_Work required:_
Could you return every line of the material that contains the word "Pink"?

_Recorded data:_

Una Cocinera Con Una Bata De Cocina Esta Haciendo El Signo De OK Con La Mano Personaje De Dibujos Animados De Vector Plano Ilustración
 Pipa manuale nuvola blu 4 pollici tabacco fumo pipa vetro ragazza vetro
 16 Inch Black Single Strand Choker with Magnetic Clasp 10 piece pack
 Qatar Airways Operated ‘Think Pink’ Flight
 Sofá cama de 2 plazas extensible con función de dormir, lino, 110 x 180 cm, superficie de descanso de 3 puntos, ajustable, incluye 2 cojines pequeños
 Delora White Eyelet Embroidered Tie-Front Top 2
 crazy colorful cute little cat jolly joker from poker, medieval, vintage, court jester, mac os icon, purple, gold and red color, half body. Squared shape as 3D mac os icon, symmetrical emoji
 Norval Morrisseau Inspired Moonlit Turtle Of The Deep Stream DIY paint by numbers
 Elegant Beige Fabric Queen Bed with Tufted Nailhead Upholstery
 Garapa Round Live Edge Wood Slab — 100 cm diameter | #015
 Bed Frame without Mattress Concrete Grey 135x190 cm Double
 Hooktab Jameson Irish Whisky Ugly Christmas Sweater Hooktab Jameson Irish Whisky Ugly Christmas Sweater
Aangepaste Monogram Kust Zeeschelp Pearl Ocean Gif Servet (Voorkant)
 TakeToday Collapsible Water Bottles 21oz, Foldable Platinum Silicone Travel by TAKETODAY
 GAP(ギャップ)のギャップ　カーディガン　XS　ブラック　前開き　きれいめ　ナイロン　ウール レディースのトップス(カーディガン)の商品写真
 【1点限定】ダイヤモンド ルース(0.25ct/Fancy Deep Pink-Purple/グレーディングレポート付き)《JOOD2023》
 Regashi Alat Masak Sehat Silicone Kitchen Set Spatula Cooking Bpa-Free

_Task solution:_
 Qatar Airways Operated ‘Think Pink’ Flight
 【1点限定】ダイヤモンド ルース(0.25ct/Fancy Deep Pink-Purple/グレーディングレポート付き)《JOOD2023》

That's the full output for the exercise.